Campus & Community / Magazine Feature

Perlmutter says terrorism vs. privacy is the next great debate

It took about 70 years from the time of man’s first flight for airlines to implement passenger security screening. It’s taken far fewer years since the 2001 World Trade Center attacks for the concept of security to begin butting up against issues of personal privacy.

Colorado Rep. Ed Perlmutter, D-Golden, joined the National Center for Intermodal Transportation and the Mountain-Plains Consortium Feb. 21, challenging members to help establish the line between security and civil rights.

“Americans are a mobile people who take their ability and right to move from point ‘A’ to point ‘B’ very seriously,” Perlmutter said. “It is a really difficult balancing act between security and liberty.”

The congressman, speaking at the one-day Intermodal Transportation Safety and Security workshop on the DU campus, was one of several experts invited to participate. The event was co-hosted by DU’s Intermodal Transportation Institute. Other participants included retired Gen. Mason Whitney, director of the Governor’s Office of Homeland Security, and authorities on homeland, airport, cargo and commercial transportation.

“We’re in the process of asking people to share with us their thoughts and ideas on many issues of transportation and security,” said Patrick Sherry, director of the National Center for Intermodal Transportation.

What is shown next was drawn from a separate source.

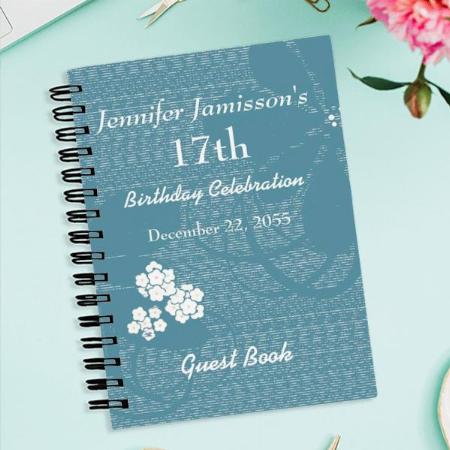 Blue, White Floral Birthday Party Customized Photo Printed Notebook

Sherry said the workshop would help frame the discussion and educational outreach in the coming year.

While the first non-combat attack on an American passenger plane came in the 1950s, and hijacking became a concern in the 1960s, it wasn’t until 1973 that airlines began security screenings, Perlmutter said. But after Sept. 11, the government has ramped up security at an increasing pace, banning liquids, requiring passengers to go through tough screening procedures and to even take off their shoes.

“Help us to try to figure out when we’ve gone too far,” Perlmutter said.

As a member of the House Committee on Homeland Security, Perlmutter said he’s concerned not only with airlines, which present a direct point of contact with passengers for security screening, but also with rail and public transportation systems, which offer would-be attackers multiple points of contact.

In addition to securing rail yards and guarding against the sabotage of rail cars carrying harmful chemicals through urban areas, Perlmutter said there may need to be better security solutions for commuters who ride light rail and buses to work. Airline passengers may put up with half-hour waits at screening stations because flying is relatively rare. But for a daily commute, strict screenings would likely be unworkable, he said.

One area of research already in the works is taking place in Colorado. At a government facility for transportation technology research outside of Pueblo, Perlmutter said officials are designing simulated light rail and subway systems to study ways of stopping commuter and rail terrorism.

No government can guarantee absolute security, the congressman said. But he promised the United States is doing everything it can to protect people.